**Collected data**.
◇ ◇ ◇ ◇ ◇ ◇ ◇

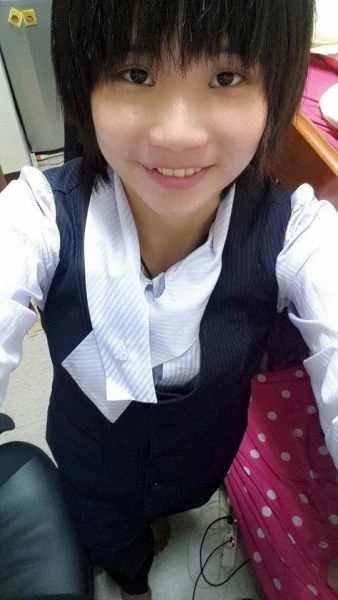 戴資穎18歲穿上合庫銀行制服參加新進行員受訓,青澀模樣很少見。合庫提供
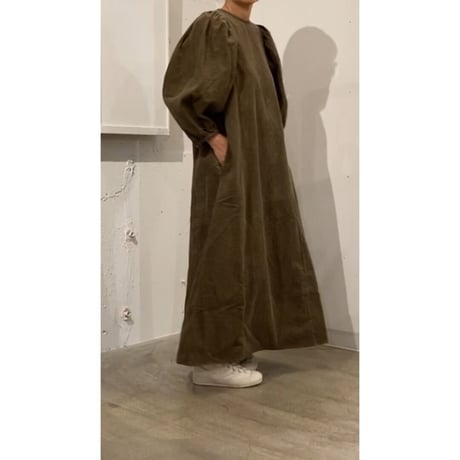 GALERIE TISSU リサイクルコーデュロイ ギャザースリーブワンピース カーキ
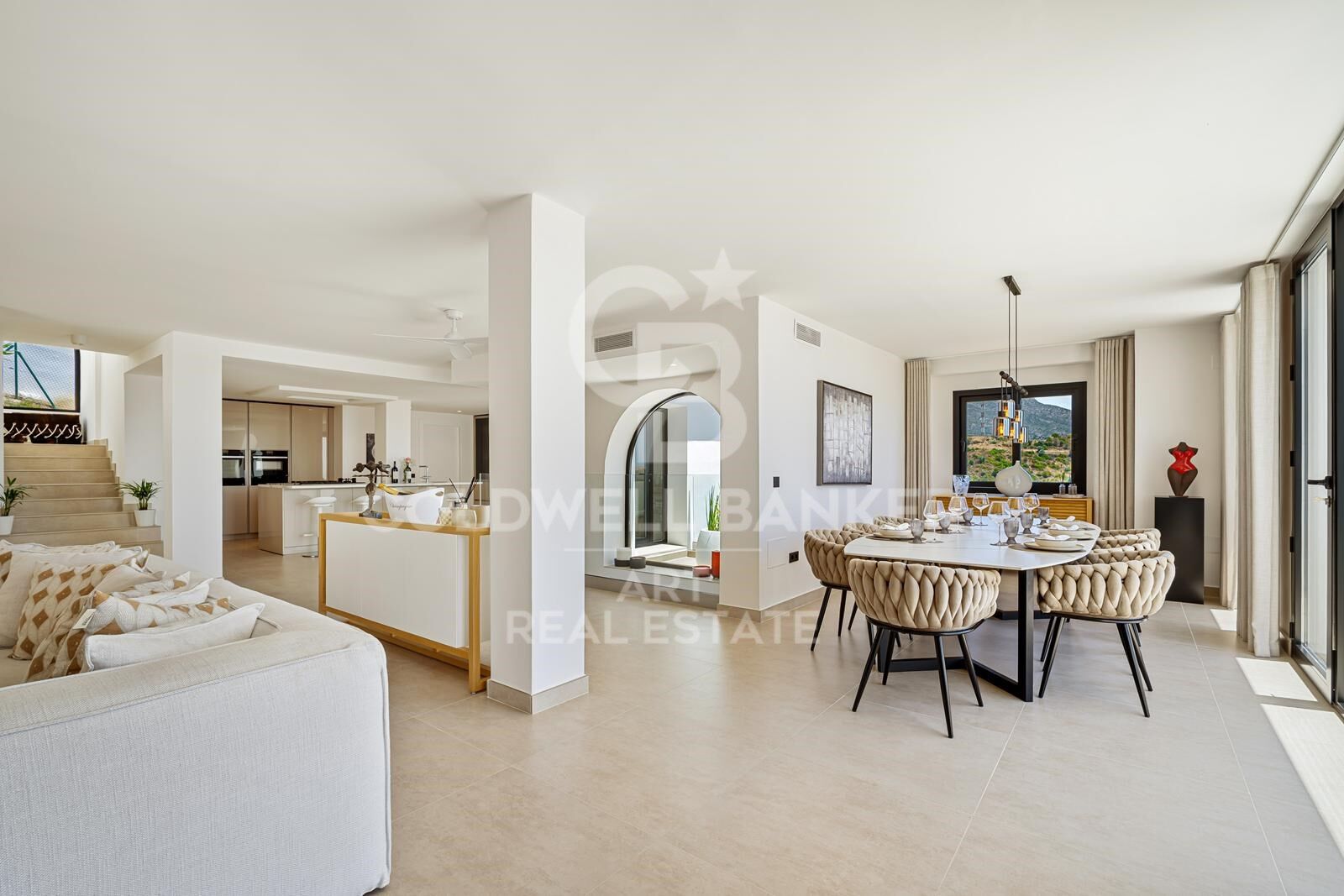Villa méditerranéenne élégante avec vue mer panoramique à Nueva Andalucía, Marbella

◇ ◇ ◇ ◇ ◇ ◇ ◇

Please retype the data exactly. The pictures do not go in.

**Exercise response**.
 戴資穎18歲穿上合庫銀行制服參加新進行員受訓,青澀模樣很少見。合庫提供
 GALERIE TISSU リサイクルコーデュロイ ギャザースリーブワンピース カーキ
Villa méditerranéenne élégante avec vue mer panoramique à Nueva Andalucía, Marbella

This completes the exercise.